Косой был начисто лишен чувства юмора, что не мешало ему считать себя непогрешимым экспертом по вопросам смешного.

Одним словом, работа не клеилась.

Потом дело пошло лучше, чудовища из воображаемого сценарного отдела стали упоминаться реже, и установилось нормальное рабочее настроение с нормальным чередованием успехов и неудач.

Но не следует думать, что нравы при этом достаточно сильно смягчились. Суровость по-прежнему царила в холодной комнате. Ни одно решение не принималось без ожесточенных дебатов, ни одна фраза не ложилась на бумагу в том виде, в каком кто-нибудь из нас ее предлагал.

Надо сказать, что Петров был громогласным, горячим, порывистым, восторженным человеком. В обычной беседе проекты реорганизации всех на свете человеческих установлений — от студенческих общежитий и до Лиги Наций — так и сыпались из него.

В работе же им овладевал какой-то демон осмотрительности. Насупившись и в тысячный раз протирая рукавом и без того блистающий чистотой полированный кожух пишущей машинки, он без конца перебирал все возможные варианты каждого сюжетного положения, каждой ремарки, каждой реплики действующего лица. Как бы ни был удачен первый проект решения любого вопроса, он принимался только после того, как бывали придуманы десять других и с очевидностью установлено, что они хуже первого.

Вначале эта осмотрительность пугала меня. Кому не известна прелестная легкость, которая по временам овладевает пишущим человеком, когда фразы послушно следуют одна за другой, а мгновенные колебания сменяются спокойной уверенностью, что все идет хорошо. Что до меня, то я в ту пору привык дорожить такими минутами, и даже несмотря на то, что частенько на другой день мне случалось вымарывать целые страницы, написанные с «прелестной легкостью», я любил отдаваться этому настроению ради отдельных мелких удач, которые обычно ему сопутствуют.

Петров был решительным противником такой работы. И, к счастью, мне не потребовалось много времени, чтобы убедиться в его правоте.

— Работать должно быть трудно! — повторял он всякий раз, когда мы обсуждали этот вопрос.

И опыт неизменно показывал, что чем труднее нам давался тот или иной кусок, тем лучше он получался.

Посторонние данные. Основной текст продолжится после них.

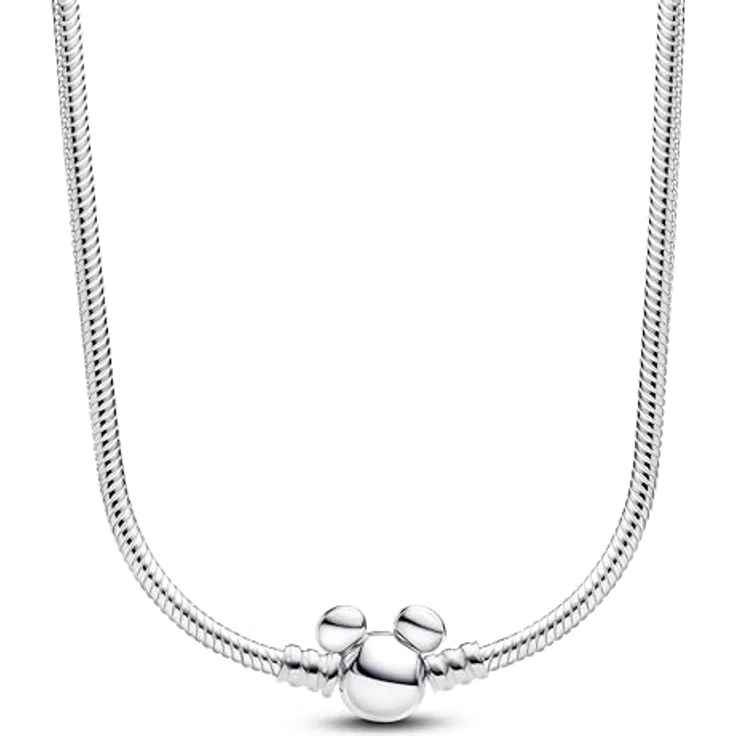 PANDORA Moments Disney Micky Maus Schlangen-Gliederhalskette aus Sterling Silber, 45 cm, kompatibel mit bis zu 35 Moments Charms, Artikelnummer 393529C00-45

Дни пошли за днями, герой «Музыкальной истории» Петя Говорков быстрыми шагами приближался к успеху и счастью, а наши споры не прекращались. Правда, теперь уже эти споры велись не о том, как писать, и меня уже не покидала уверенность, что они приносят несомненную пользу нашей работе. Но некоторое беспокойство вызвал у меня ожесточенный характер, какой они по временам принимали.

Петров, видимо, заметил это, и однажды, когда на какое-то его предложение я миролюбиво кивнул головой, он, вместо того чтобы отстучать на машинке очередную фразу, подозрительно скосил на меня глаза. Потом, минуту помолчав, спросил:

— Почему вы не спорите? Я же вижу, что вам не нравится.

Я попытался уверить его, что он ошибается, мысленно представляя себя плывущим по воздуху в белых одеждах, с пальмовой ветвью в руке.

Тогда он по-настоящему рассердился и произнес горячую, великолепную речь о соавторстве. Из этой речи следовало, между прочим, что нигде лучше, чем в совместной писательской работе, не применимо древнее выражение о спорах, рождающих истину.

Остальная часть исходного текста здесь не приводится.